Amidst negative publicity from the media regarding publicly traded and other large companies receiving Paycheck Protection Program loans (PPP) and lawmakers demanding action by the Treasury Department to rectify the situation, the Small Business Administration (SBA) issued additional guidance regarding PPP eligibility. On Thursday, the SBA issued Frequently Asked Question Number 31 to address these concerns. The exact wording to this new FAQ is listed below.

31. Question: Do businesses owned by large companies with adequate sources of liquidity to support the business’s ongoing operations qualify for a PPP loan?

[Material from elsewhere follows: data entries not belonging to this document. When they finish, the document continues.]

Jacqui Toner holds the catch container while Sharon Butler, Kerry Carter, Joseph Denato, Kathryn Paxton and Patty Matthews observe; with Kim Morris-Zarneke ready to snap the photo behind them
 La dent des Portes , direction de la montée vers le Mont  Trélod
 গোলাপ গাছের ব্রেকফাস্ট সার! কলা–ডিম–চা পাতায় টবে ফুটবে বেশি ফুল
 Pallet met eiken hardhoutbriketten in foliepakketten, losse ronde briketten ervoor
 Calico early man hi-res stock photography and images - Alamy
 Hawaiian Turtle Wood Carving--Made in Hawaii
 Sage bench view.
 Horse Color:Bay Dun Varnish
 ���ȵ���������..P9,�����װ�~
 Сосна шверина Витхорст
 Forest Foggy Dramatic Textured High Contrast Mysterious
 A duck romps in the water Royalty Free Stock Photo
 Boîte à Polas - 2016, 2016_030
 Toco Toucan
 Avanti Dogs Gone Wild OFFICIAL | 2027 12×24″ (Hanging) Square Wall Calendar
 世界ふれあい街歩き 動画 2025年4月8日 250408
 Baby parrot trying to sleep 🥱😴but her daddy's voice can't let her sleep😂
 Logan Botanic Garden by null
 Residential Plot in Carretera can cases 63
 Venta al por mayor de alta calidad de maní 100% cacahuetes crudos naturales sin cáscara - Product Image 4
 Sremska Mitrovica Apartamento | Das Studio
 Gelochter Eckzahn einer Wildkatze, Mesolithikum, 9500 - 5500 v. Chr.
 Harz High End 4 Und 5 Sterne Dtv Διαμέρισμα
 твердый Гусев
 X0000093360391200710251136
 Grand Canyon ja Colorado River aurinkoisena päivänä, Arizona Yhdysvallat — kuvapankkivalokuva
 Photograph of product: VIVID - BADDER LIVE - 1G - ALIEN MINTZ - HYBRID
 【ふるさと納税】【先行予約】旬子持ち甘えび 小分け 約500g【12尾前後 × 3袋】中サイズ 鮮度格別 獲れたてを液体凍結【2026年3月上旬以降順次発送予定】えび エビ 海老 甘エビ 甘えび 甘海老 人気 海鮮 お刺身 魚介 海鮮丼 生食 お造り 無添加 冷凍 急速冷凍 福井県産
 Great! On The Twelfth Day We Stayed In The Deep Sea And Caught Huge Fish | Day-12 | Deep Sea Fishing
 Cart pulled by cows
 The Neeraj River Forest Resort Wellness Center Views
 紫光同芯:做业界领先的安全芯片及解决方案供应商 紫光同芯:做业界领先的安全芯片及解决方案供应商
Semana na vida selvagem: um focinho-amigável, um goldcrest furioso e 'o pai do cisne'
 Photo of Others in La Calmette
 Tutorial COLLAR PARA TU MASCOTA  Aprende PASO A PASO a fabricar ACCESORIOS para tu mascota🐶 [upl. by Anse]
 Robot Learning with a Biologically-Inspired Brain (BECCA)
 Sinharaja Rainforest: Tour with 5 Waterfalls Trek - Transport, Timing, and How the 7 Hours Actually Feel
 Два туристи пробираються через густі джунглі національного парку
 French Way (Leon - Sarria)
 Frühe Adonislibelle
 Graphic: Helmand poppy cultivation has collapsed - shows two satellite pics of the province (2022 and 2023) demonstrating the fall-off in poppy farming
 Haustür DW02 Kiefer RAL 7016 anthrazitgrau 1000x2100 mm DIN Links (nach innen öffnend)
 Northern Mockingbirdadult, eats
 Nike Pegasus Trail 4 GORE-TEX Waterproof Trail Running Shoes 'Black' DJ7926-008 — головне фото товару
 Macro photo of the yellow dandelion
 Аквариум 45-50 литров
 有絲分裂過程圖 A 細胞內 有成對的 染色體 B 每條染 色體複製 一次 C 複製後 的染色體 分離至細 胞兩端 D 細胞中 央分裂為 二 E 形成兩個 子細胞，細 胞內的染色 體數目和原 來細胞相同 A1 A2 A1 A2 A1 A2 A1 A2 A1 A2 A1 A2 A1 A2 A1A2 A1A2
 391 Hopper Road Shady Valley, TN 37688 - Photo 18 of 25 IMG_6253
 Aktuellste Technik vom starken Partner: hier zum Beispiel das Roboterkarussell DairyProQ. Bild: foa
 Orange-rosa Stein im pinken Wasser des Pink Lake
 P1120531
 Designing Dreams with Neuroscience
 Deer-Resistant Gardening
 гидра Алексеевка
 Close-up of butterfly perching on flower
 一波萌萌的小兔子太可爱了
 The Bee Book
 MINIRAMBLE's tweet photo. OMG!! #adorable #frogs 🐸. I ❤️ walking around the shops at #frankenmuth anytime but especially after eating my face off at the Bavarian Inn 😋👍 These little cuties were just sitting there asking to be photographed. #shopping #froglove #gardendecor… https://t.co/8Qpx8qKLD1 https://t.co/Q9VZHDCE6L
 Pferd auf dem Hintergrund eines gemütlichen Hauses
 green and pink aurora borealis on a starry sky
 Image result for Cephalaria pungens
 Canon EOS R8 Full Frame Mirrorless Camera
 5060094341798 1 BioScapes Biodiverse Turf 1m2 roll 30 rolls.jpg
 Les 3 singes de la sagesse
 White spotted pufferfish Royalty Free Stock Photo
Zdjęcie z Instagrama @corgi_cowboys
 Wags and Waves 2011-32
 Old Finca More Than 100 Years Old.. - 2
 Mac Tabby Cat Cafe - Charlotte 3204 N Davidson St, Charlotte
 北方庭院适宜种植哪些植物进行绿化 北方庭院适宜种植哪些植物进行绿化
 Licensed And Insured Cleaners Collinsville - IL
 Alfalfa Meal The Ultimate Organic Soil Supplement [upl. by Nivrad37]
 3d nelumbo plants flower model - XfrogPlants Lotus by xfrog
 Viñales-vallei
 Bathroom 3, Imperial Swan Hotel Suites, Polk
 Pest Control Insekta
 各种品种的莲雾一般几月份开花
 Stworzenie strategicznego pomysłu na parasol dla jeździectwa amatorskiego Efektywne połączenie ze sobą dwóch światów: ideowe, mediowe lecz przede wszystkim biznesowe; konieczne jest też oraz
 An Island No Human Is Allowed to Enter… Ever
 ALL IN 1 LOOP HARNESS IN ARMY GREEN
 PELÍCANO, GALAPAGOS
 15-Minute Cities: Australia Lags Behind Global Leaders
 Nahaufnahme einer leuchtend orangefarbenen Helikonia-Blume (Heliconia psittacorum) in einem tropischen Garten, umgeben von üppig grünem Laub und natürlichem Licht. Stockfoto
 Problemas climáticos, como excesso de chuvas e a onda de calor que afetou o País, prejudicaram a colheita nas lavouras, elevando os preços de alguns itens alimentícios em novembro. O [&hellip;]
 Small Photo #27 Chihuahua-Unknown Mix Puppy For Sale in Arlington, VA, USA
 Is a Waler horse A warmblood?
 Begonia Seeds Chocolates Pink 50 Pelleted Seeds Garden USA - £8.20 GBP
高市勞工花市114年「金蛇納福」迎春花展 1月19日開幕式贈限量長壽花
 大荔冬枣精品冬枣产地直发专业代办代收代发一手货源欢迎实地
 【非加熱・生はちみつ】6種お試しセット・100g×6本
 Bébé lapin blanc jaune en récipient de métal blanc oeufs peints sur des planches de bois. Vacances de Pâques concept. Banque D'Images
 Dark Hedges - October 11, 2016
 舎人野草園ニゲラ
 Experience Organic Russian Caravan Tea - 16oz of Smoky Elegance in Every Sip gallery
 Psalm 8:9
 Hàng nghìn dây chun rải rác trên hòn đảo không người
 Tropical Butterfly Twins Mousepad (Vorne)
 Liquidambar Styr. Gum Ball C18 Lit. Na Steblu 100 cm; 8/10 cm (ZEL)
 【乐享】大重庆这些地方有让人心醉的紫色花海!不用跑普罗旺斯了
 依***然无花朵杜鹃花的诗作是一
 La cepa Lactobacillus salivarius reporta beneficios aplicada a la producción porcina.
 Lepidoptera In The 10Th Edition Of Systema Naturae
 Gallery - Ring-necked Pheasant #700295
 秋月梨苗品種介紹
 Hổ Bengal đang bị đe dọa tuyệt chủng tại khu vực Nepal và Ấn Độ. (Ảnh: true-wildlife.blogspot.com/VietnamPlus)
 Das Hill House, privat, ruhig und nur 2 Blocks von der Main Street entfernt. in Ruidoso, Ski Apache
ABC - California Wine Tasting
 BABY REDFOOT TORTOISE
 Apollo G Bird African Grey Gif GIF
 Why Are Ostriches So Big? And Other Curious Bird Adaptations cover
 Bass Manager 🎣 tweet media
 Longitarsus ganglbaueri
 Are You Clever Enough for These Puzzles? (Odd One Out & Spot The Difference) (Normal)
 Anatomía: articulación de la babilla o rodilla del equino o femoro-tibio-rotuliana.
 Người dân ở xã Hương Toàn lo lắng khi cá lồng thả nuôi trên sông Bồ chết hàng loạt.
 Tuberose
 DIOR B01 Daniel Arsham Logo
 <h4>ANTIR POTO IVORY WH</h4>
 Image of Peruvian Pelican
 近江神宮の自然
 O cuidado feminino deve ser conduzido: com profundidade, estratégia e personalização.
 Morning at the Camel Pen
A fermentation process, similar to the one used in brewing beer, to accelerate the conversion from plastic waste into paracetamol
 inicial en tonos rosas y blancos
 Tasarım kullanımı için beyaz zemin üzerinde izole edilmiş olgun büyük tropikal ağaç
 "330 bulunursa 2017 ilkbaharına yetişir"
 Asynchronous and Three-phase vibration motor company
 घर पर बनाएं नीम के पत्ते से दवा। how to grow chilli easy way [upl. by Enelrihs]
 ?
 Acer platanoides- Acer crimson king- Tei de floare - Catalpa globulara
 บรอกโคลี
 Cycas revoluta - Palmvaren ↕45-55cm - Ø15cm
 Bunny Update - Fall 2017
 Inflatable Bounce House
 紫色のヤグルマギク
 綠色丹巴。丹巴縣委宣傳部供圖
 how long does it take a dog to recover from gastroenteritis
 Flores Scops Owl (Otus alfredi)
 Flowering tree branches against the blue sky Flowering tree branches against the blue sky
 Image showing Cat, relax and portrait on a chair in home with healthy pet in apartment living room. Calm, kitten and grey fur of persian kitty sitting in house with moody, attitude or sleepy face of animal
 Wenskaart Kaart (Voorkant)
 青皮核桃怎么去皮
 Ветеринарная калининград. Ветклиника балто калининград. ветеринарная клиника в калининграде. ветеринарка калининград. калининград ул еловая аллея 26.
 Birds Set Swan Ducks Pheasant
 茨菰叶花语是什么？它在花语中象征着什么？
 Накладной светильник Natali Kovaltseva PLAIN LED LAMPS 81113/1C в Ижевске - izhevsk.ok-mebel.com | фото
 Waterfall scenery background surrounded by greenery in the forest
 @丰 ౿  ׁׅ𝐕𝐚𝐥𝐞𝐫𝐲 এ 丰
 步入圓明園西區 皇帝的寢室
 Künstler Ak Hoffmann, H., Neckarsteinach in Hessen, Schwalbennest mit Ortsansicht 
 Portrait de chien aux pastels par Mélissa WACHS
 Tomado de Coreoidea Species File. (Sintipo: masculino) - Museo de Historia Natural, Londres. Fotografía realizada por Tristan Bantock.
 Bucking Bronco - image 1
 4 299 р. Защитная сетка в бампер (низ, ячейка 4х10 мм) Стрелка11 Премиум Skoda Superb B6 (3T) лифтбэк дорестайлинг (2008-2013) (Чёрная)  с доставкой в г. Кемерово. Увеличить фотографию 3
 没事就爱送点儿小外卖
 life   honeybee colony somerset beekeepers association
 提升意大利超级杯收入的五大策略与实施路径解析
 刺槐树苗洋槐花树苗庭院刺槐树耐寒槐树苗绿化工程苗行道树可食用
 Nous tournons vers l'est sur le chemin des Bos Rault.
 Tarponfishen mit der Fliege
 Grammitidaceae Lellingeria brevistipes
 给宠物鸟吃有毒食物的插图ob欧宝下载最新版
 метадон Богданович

Answer: In addition to reviewing applicable affiliation rules to determine eligibility, all borrowers must assess their economic need for a PPP loan under the standard established by the CARES Act and the PPP regulations at the time of the loan application. Although the CARES Act suspends the ordinary requirement that borrowers must be unable to obtain credit elsewhere (as defined in section 3(h) of the Small Business Act), borrowers still must certify in good faith that their PPP loan request is necessary. Specifically, before submitting a PPP application, all borrowers should review carefully the required certification that “[c]urrent economic uncertainty makes this loan request necessary to support the ongoing operations of the Applicant.” Borrowers must make this certification in good faith, taking into account their current business activity and their ability to access other sources of liquidity sufficient to support their ongoing operations in a manner that is not significantly detrimental to the business. For example, it is unlikely that a public company with substantial market value and access to capital markets will be able to make the required certification in good faith, and such a company should be prepared to demonstrate to SBA, upon request, the basis for its certification.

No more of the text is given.